Black Saturday: Parents' pain endures

02 Feb, 2010 11:58 AM
WHILE most Victorians affected by the Black Saturday fires have moved on and rebuilt their lives, some are left with the burden and grief of losing a loved one.

On February 7 last year more than 170 people, including 14 in the Yarra Ranges, died in the fires.

Yarra Glen resident Gareth Jones-Roberts was among them. The 48 year old was on his way to his parents' Mt Wise Road home after buying fuel for the generator when his car hit a firewall, lost control and crashed into a concrete culvert on the corner of Melba Highway and Symond Street. The car immediately went up in flames.

Speaking to the Journal last week, Mr Jones-Roberts' parents, Gareth snr and Norma Jones-Roberts, said it had been a terrible year.

"I feel very sorry for anyone who was involved, really," Mrs Jones-Roberts said. "You think about all the people who had this terrible, terrible thing come into their lives.

"You suddenly realise your loss. You realise none of the houses are coming back, none of the objects you had or the packets of photographs, none of those are coming back, and also none of your children that you've lost, your husbands, your wives, your sisters, your brothers.

"All of those people are gone and they're not coming back and it's just so hard to imagine."

Mr Jones-Roberts said it had been very hard to go through his son's personal belongings but they had received a lot of help from two case managers, "two extraordinary people".

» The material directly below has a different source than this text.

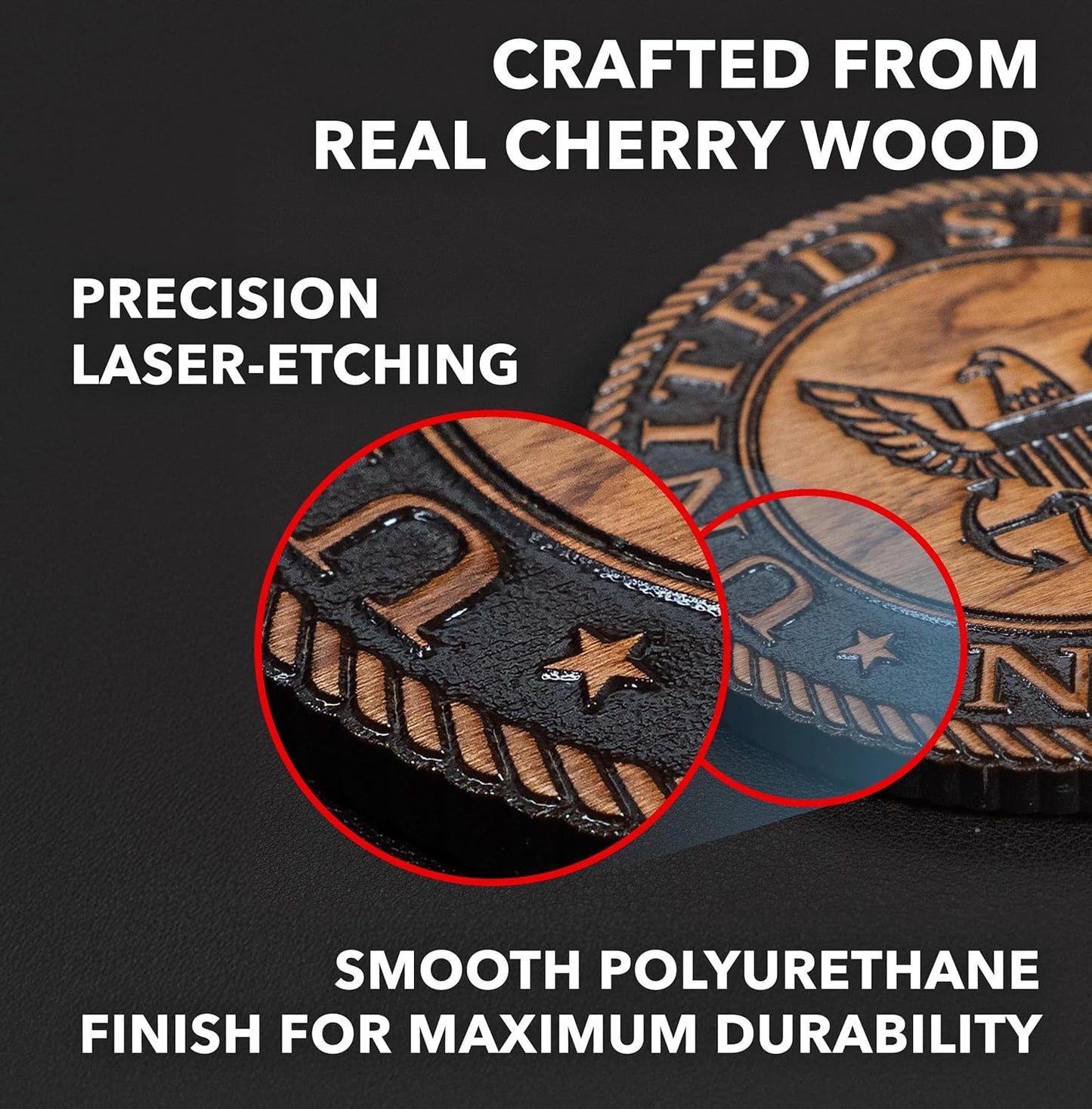 LazerEdge U.S. Army Wooden Coaster Set – Cherry Wood – Handcrafted Collectible 4-Pack | Made in USA | Officially Licensed Product
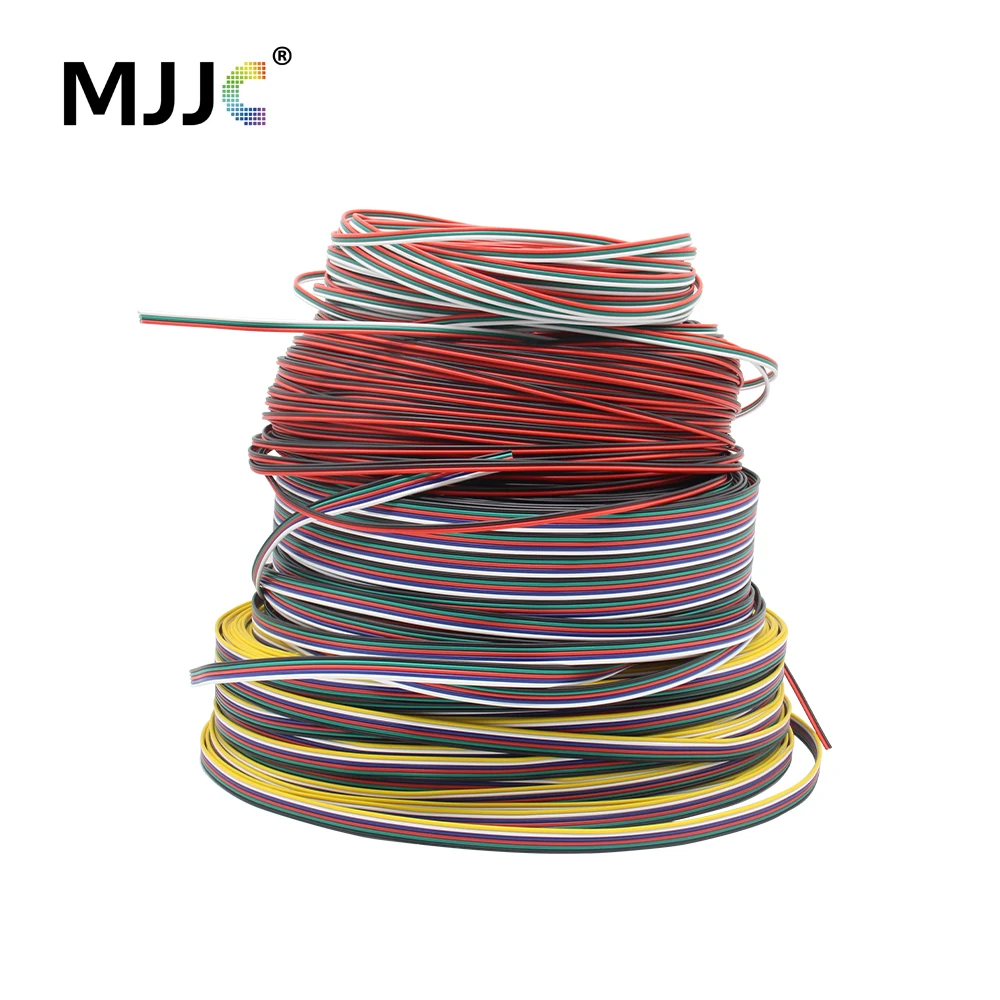 2/3/4/5/6 Pin Electric Cable for WS2812 WS2811 RGB Single Color 2835 5050 LED Strip 5M 10M 22AWG Tinned Copper Electrical Wire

"They help you handle the practicalities. Our brains have been scrambled, and our memories are not good. We are having quite regular break-downs. They can just happen, they can come from nowhere."

Every day, the couple visit the cemetery where their son was buried.

Mrs Jones-Roberts said she was still finding it hard to come to terms with their loss.

"You don't believe that your child is not going to come home, you don't believe that he's not going to be there, that he's not going to ring you, you're not going to hear the car any more."

Mrs Jones-Roberts said she and her husband were dreading the first anniversary.

Of the 14 Yarra Ranges people who died in the fires, seven were from Steels Creek, four from Yarra Glen and two from Toolangi.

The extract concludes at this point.